Esistono, infatti, incentivi fiscali a favore dell’utilizzo di energia circolare in quanto i governi di tutto il mondo cercano di stimolare l’uso del solare (dell’energia geotermica e dell’energia eolica) per guadagnare in termini ecologici e risparmiare allo stesso tempo denaro.

L’energia rinnovabile solare e la crescita sostenibile

In quasi tutte le discussioni sui cambiamenti climatici, le energie rinnovabili sono solitamente in cima alla lista delle azioni di cui le persone possono occuparsi per evitare gli effetti peggiori dell’inquinamento.

Accade questo perché le fonti di energia rinnovabile, come il solare, non emettono anidride carbonica e altri gas serra che contribuiscono al surriscaldamento globale.

Parlare di cambiamento climatico significa fare riferimento non solo all’aumento delle temperature medie, ma anche ad eventi meteorologici estremi e devastanti.

L’innalzamento del livello del mare, lo spostamento di intere popolazioni, della fauna selvatica dagli habitat peculiari e una serie di altri impatti poco rassicuranti, dipendono tutti dalla questione climatica.

Purtroppo negli ultimi 150 anni, abbiamo fatto troppo affidamento sull’energia non rinnovabile. Utilizzando carbone, petrolio e altri fossili per “alimentare” qualsiasi cosa (compreso l’inquinamento), abbiamo rilasciato troppo gas serra attraverso la loro combustione.

Abbiamo raggiunto livelli storicamente elevati, negativamente elevati.

Anche se non volessimo pensare all’imminente disastro ambientale, anche se volessimo convincerci che si tratta di un gigantesco complotto, dovremmo comunque fare i conti col fatto che i combustibili fossili sono una risorsa finita.

La sfida del cambiamento

Per rinnovare “il contratto d’affitto sul pianeta” la nostra energia deve essere rinnovabile, un’energia circolare che non prevede scarti e contribuisce alla sostenibilità.

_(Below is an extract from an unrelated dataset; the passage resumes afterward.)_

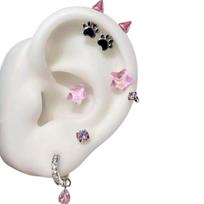 [HF]Hot 1Pair Cute Cat Paw Devil Stud Piercing Earring For Women Men Gothic Ear Bone Nail Earring Y2K Jewelry Accessories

Il settore è in crescita, crea posti di lavoro, amplia l’accesso all’energia nei paesi in via di sviluppo e tutti questi fattori hanno contribuito alla rinascita delle nostre vite.

Il solare negli ultimi anni ha stabilito nuovi record per la produzione di elettricità e pur essendo consapevoli del fatto che anche questo tipo di energia non è immune a compromessi e dibattiti, noi pensiamo che sia sano mantenere sempre vivo il confronto.

Resta il modo migliore per crescere.

E non parliamo della crescita a tutti i costi, che in molti casi ha portato alla distruzione. Facciamo comunque riferimento ad una crescita sostenibile, equilibrata, che rispetti i tempi dell’uomo e del pianeta.

Una crescita culturale, un’evoluzione, un cambio di mentalità che potrebbe avvenire proprio grazie al sole e alla luce che irradia, nel cammino di ognuno di noi.